They had not been together for a full minute when the stout general threw back his head, looking straight in his face; and then he stepped first one, then another, fat little pace backward, and poked his cane right at the ribs of the plump little lieutenant, then closing with him, he shook both Puddock’s hands in both his, with a hearty peal of laughter.
Then he took Puddock under his arm. Puddock had to stoop to pick up his hat which the general had dislodged. And so the general walks him slowly towards the house; sometimes jogging his elbow a little under his ribs; sometimes calling a halt and taking his collar in his finger and thumb, thrusting him out a little, and eyeing him over with a sort of swagger, and laughing and coughing, and whooping, and laughing again, almost to strangulation; and altogether extraordinarily boisterous, and hilarious, and familiar, as Cluffe thought, who viewed this spectacle from the avenue.
Mr. Sterling would not have been quite so amused at a similar freak of Mrs. Hidleberg’s—but our honest general was no especial worshipper of money—he was rich, too, and his daughter, well dowered, was about to marry a peer, and beside all this, though he loved ‘Sister Becky,’ her yoke galled him; and I think he was not altogether sorry at the notion of a little more liberty.

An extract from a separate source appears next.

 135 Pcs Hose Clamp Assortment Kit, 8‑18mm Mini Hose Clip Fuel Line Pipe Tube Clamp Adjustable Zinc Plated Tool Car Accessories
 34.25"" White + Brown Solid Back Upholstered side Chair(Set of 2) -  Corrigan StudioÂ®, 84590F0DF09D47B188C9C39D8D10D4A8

At the same moment honest Peter Brien, having set his basket of winter greens down upon the kitchen-table, electrified his auditory by telling them, with a broad grin and an oath, that he had seen Lieutenant Puddock and Aunt Rebecca kiss in the garden, with a good smart smack, ’by the powers, within three yards of his elbow, when he was stooping down cutting them greens!’ At which profanity, old Mistress Dorothy, Aunt Rebecca’s maid, was so incensed that she rose and left the kitchen without a word. The sensation there, however, was immense; and Mistress Dorothy heard the gabble and laughter fast and furious behind her until she reached the hall.
Captain Cluffe was asking for Aunt Rebecca when Puddock and the general reached the hall-door, and was surprised to learn that she was not to be seen. ’If she knew ‘twas I,’ he thought, ‘but no matter.’
‘Oh, we could have told you that; eh, Puddock?’ cried the general; ’’tisn’t everybody can see my sister to-day, captain; a very peculiar engagement, eh, Puddock?’ and a sly wink and a chuckle.
Cluffe smiled a little, and looked rather conscious and queer, but pleased with himself; and his eyes wandered over the front windows hastily, to see if Aunt Becky was looking out, for he fancied there was something in the general’s quizzing, and that the lady might have said more than she quite intended to poor little Puddock on the subject of the gallant mediator; and that, in fact, he was somehow the theme of some little sentimental disclosure of the lady’s. What the plague else could they both mean by quizzing Cluffe about her?